Osteopetrosis is characterized by overly dense bones throughout the body. Symptoms include fractures, low blood cell production and loss of cranial nerve function causing blindness, deafness and/or facial nerve paralysis. Affected individuals may experience frequent infections of teeth and the bone in the jaw.

Osteopetrosis, autosomal recessive; malignant infantile type
The most severe type of osteopetrosis, malignant infantile type, is apparent from birth, and if left untreated, can lead to death in the first decade of life. Symptoms vary depending on the gene variant (mutation). Affected individuals have abnormal hardening of bone (osteosclerosis); fragility fractures, usually of the ribs and long bones; large head (macrocephaly) and small jaw (micrognathia); growth delay and increased density of the cranial bones (cranial hyperostosis) leading to nerve compression. They may also have hydrocephalus, which is the accumulation of cerebrospinal fluid (CSF) in the skull owing to inhibition of CSF normal flow and abnormal widening (dilatation) of the cerebral spaces of the brain (ventricles), causing increased pressure on brain tissue. Symptoms that affect vision may include wasting away (atrophy) of the retina, widely spaced eyes (hypertelorism), eyes protruding from the orbits (exophthalmos), crossed eyes (strabismus), involuntary rhythmic movements of the eyes (nystagmus) and blindness.

Other symptoms associated with malignant infantile type of osteopetrosis include effects of reduced bone marrow space, such as marked deficiency of all types of blood cells (pancytopenia), formation and development of blood cells outside the bone marrow, as in the spleen and liver (extramedullary hematopoiesis) leading to abnormal enlargement of these organs (hepatosplenomegaly) and the occurrence of myeloid tissue in extramedullary sites (myeloid metaplasia). This may lead to frequent infections such as pneumonia and urinary tract infections and chronic inflammation of the mucous membranes in the nose (rhinitis). Affected individuals may also have low levels of iron in red blood cells (anemia) due to both reduced bone marrow space and red blood cell production and to increased destruction of red blood cells due to an enlarged spleen. Of note, hematological problems usually present before neurological ones.

Some affected individuals experience hearing loss, eating difficulties, delays in acquiring skills that require the coordination of muscles and voluntary movements (delayed psychomotor development), delayed tooth development and severe dental caries, and inflammation of the lumbar vertebrae (osteomyelitis).
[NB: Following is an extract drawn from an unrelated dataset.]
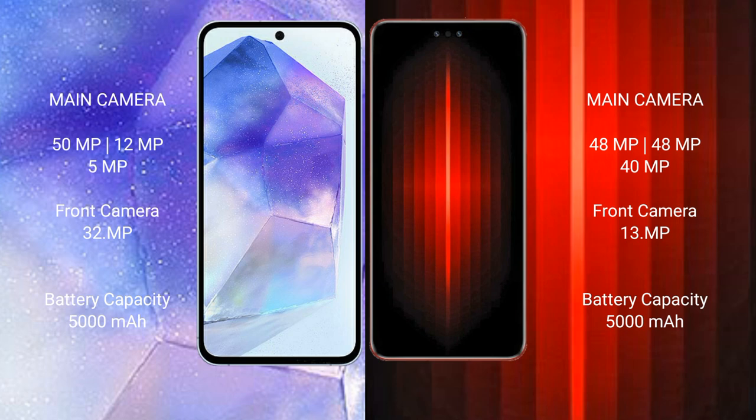The Samsung Galaxy A55 has a 5000mAh battery with 25W fast charging support. The Huawei Mate 60RS Ultimate also has a 5000mAh battery but with 88W fast charging support.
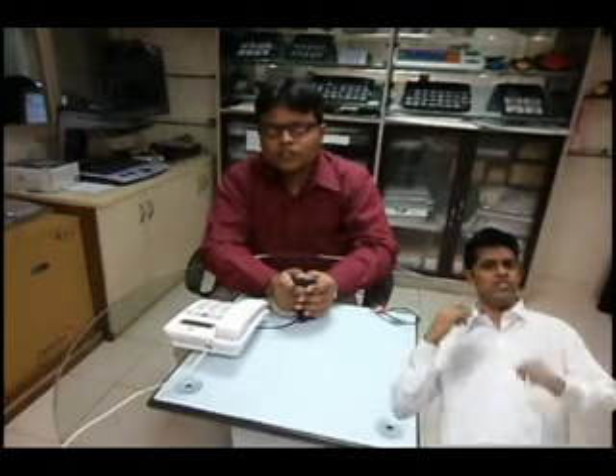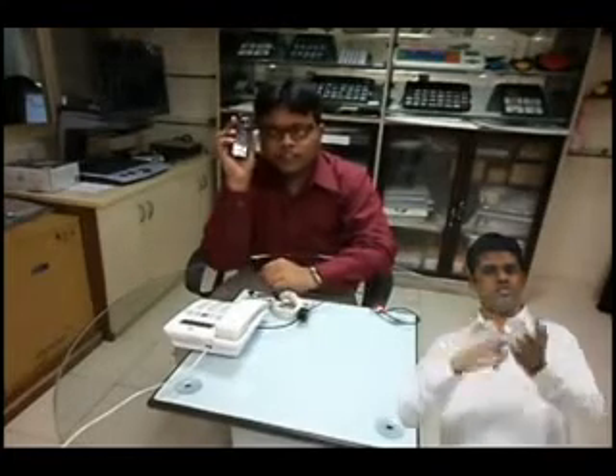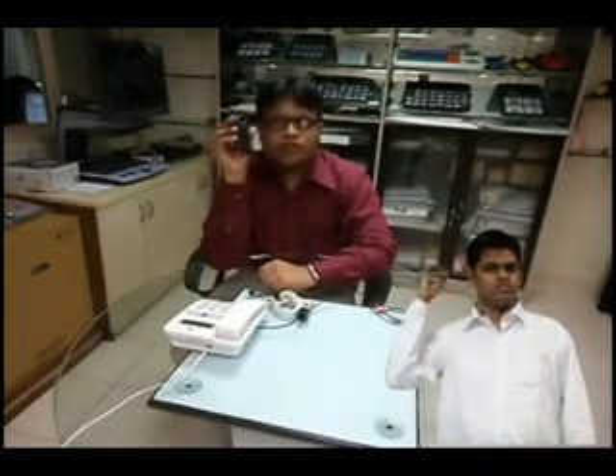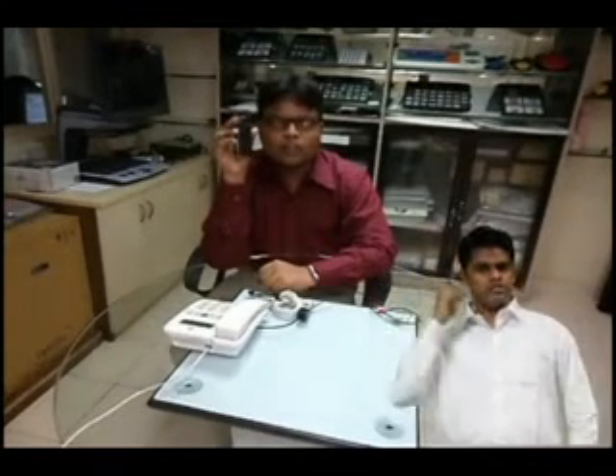Do you find it difficult to hear voices while you are talking on the phone? Hi, I am Amit and this is the Listener Pro. Today I am showing you how you can use the Listener Pro to amplify sounds from your telephone, such that you can listen to the person's voice on the other line with amplification.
Patients can also have seizures due to low levels of calcium in the blood. Symptoms of severe neurodegeneration can develop in some people with rare variants of malignant infantile osteopetrosis.

Osteopetrosis, autosomal dominant; adult type
A milder form of osteopetrosis, the adult type, is usually diagnosed in late childhood or adulthood. There are mostly bone symptoms, including osteosclerosis, fractures after minimal trauma (usually of the ribs and long bones), dental abscess, osteomyelitis (especially of the jaw) and cranial hyperostosis. Some individuals with this type may not have any symptoms (asymptomatic).

Affected individuals sometimes also experience rhinitis, hepatosplenomegaly, anemia and extramedullary hematopoiesis.

Osteopetrosis, intermediate autosomal
The intermediate type is usually found in children and can be inherited as an autosomal recessive or autosomal dominant pattern. The severity of the disease is variable, but in general distinguished from “classical” recessive and dominant forms. Symptoms include abnormal hardening of bones; fractures; osteomyelitis especially of the mandible, abnormally close knees in the presence of markedly diverging ankles (genu valgum) and cranial hyperostosis.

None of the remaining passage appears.